Anything specific, Rave—is this about the food? Or in general?
“Might be in general, but what I am seeing is that after Colombia’s president Uribe
shot his mouth off about Chavez leading the Colombian guerrillas—obviously following the script of the US State Department—he rolled over here to shill for Plan Colombia with Gutierrez."
Oh? And did he say anything about those poor people along the Ecuador/Colombia border who are biting the dust from the Plan Colombia anti-coca herbicides?
“Yeah. In diplomatic language, too. But the message was that they could rot in hell before they would see any compensation from the Colombian government. Maybe we could put a few basil leaves in the pasta the next time we make it—just to give the illusion of freshness?”
Anything you say, guy. And all the Colombian refugees that have been streaming in here like the water we cooked the pasta in going through the colander? Did he have any Colin Powell-forged nuggets of wisdom about them?
“Hmmm. Sounds like both governments are colluding to indicate that they are only a handful of folks. But a guy running a Non-governmental Organization for the Jesuits says they are close to a couple hundred thousand over the past few months.”
I see. If the problem doesn’t exist they don’t have to solve it. Sounds like doublespeak to me, Rave. Or maybe they think enough Ecuadoreans will be able to sneak into Spain—despite the fascist vigilance there—that they will simply be replaced by Colombians?
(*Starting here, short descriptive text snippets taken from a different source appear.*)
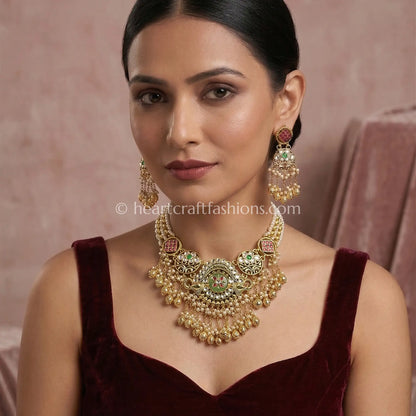 Heritage Pachi Kundan Pearl Jhumki Choker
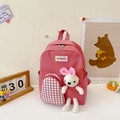 Pink toddler backpack with plush bunny and red checkered pocket for kindergarten - Red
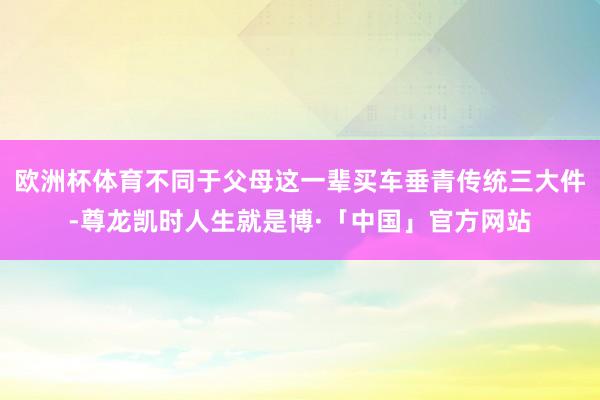 欧洲杯体育不同于父母这一辈买车垂青传统三大件-尊龙凯时人生就是博·「中国」官方网站
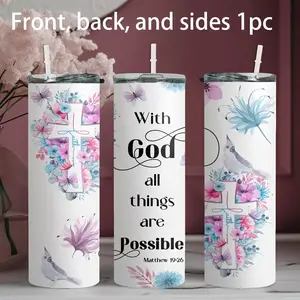 1pc 20oz stainless steel water bottle, Drinkware Tumbler, printed with floral cross biblical style pattern design, suitable for fitness, travel, driving and daily use at home. A great gift for family and friends.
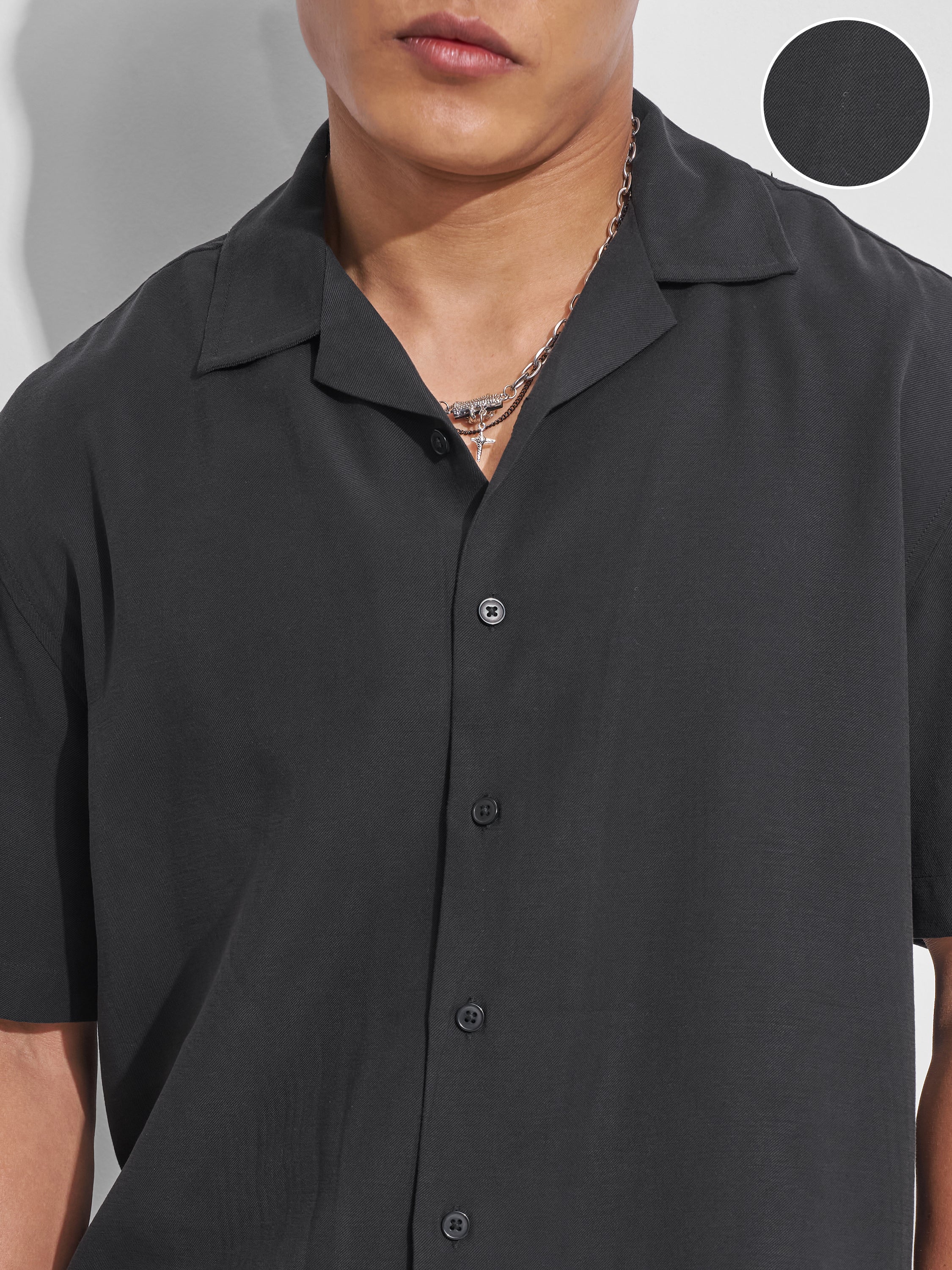 Highlander Men Black Solid Relaxed Fit Casual Shirt - Black - Image 5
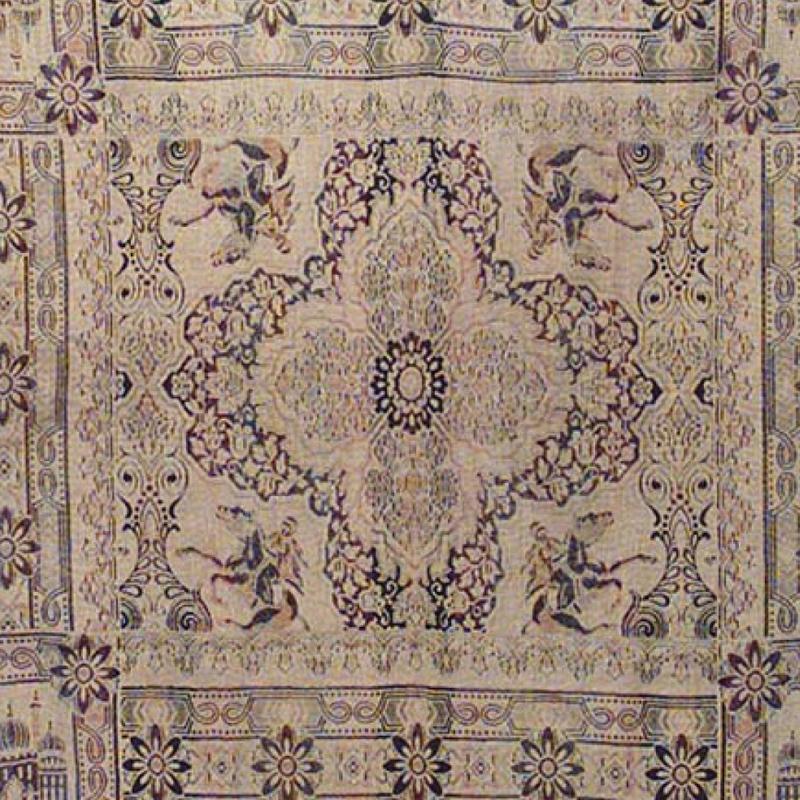 Britannique Couverture de table victorienne anglaise à motifs beiges en vente
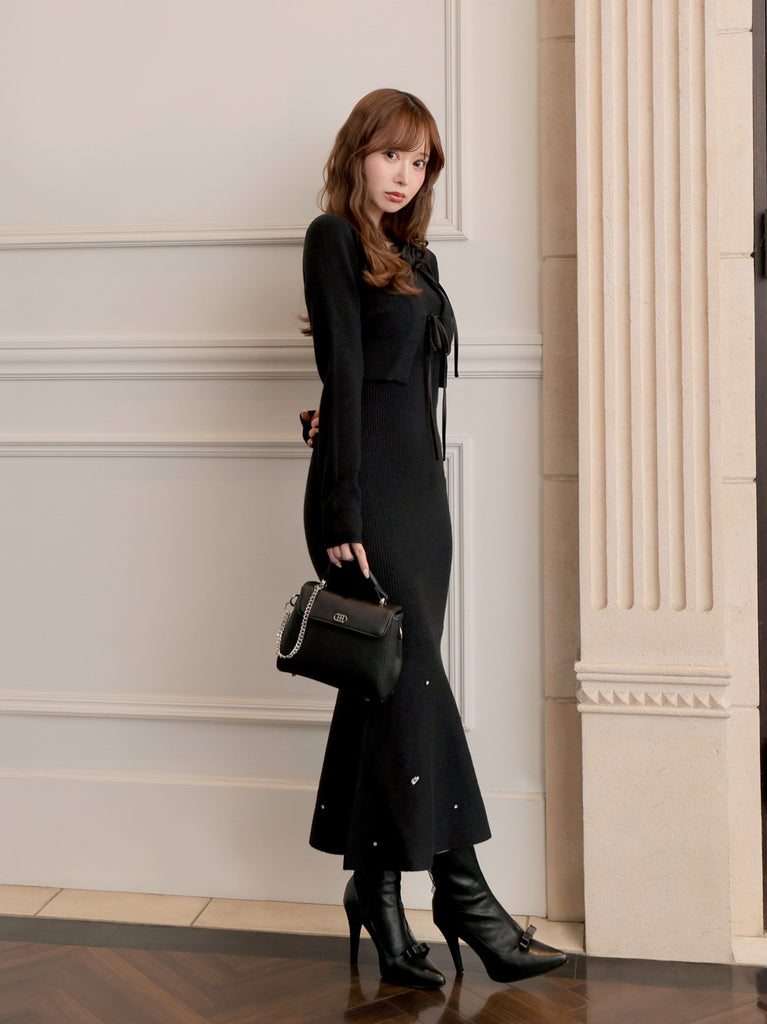 Rose brooch ensemble knit onepiece(eme10496)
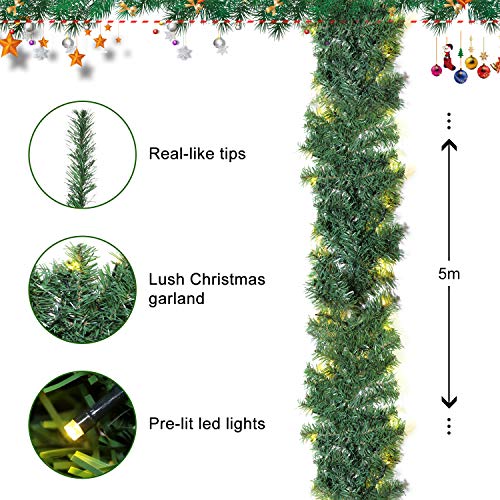 SALCAR Guirnalda de Navidad Verde, Guirnalda de Abeto Decoradas 200 Luces LED para Chimeneas Escaleras Puertas, 5m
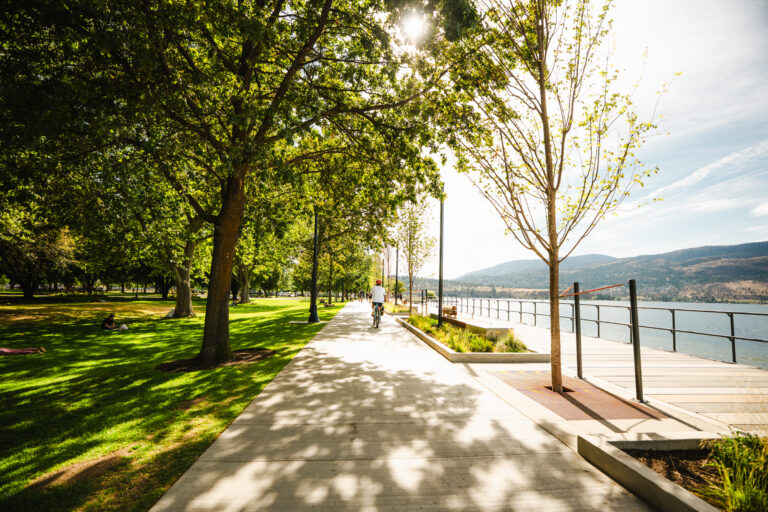 E-biking downtown promenade on a Kelowna RV road trip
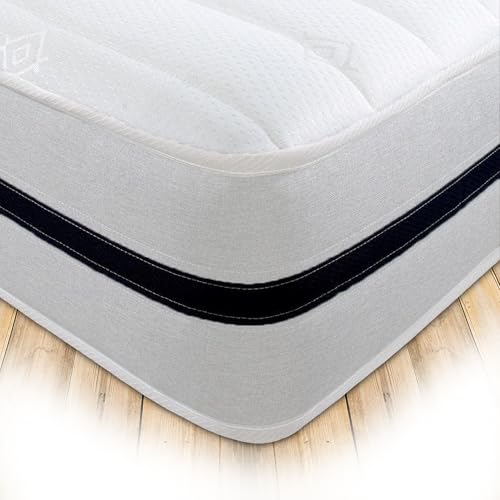 Starlight Beds Serene Sky, Single Memory Foam Mattress. Premium All Foam Mattress, Medium-Firm, 9 Inch Deep (White/Blue) (3ft x 6ft3)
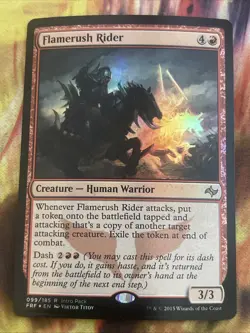 1 x Flamerush Rider - Foil - Intro Pack - LP - Magic The Gathering - 099/185 99 - Image 1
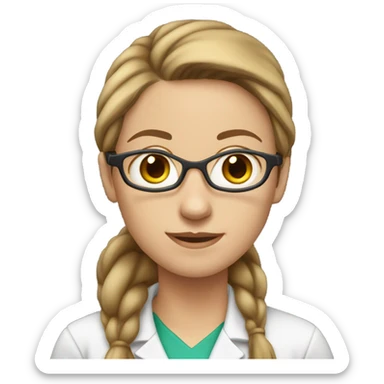 femail young biology professor with light brown hair in ponytail and white skin sticker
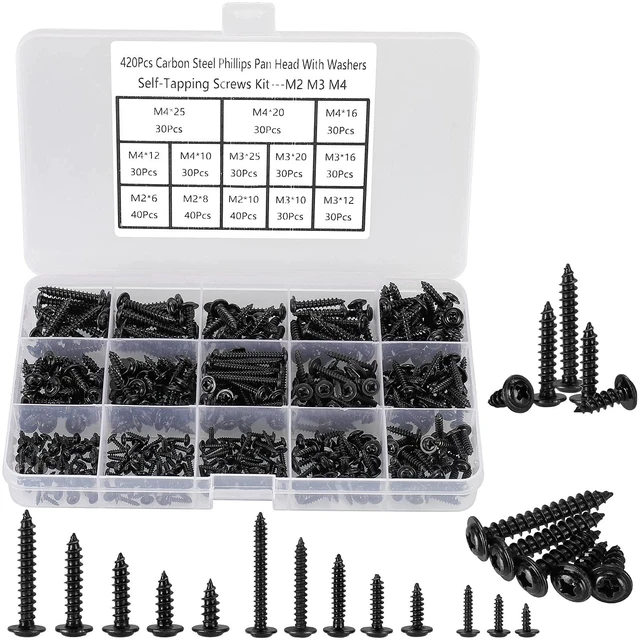 Main image of 420pcs Black Phillips Truss Head Self-Tapping Wood Screws, 13 Sizes M2 M3 M4 Wafer Head, Pan Head with Washer Tapper Screws Assortment Kit for Wood, Plastic and Soft Metal, Carbon Steel, Sharp Point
“Would anybody notice the difference?”
I don’t know. We wouldn’t, but we’re not from here. And they wouldn’t care about our opinion anyway. Even though we are refugees, too. Sort of.
Raven tears apart a few basil leaves and strews them over the remains of the pasta.
“It won’t be the same as cooking them with the sauce, but…”
He beaks in.
“Not bad. I think Uribe was given the task of getting Ecuador’s president to agree to accept all possible fall out from Plan Colombia. Which he will, obviously, as it was he, after all, who submitted the proposal at the Rio Summit in May for the United Nations or the Organization of American States to intervene in Colombia.”
When Chavez disagreed, and said that Gutierrez’ proposal was opening the door for South American countries to be invaded—with an appropriate quote from Simon Bolivar about the “US appearing to be predestined by Providence to plague America with misery and death in the name of Democracy”.
“Bolivar was right. Fortunately, in between misery and death there falls the shadow: of linguini with pesto sauce.”
Raven leans back and rubs his tummy, content.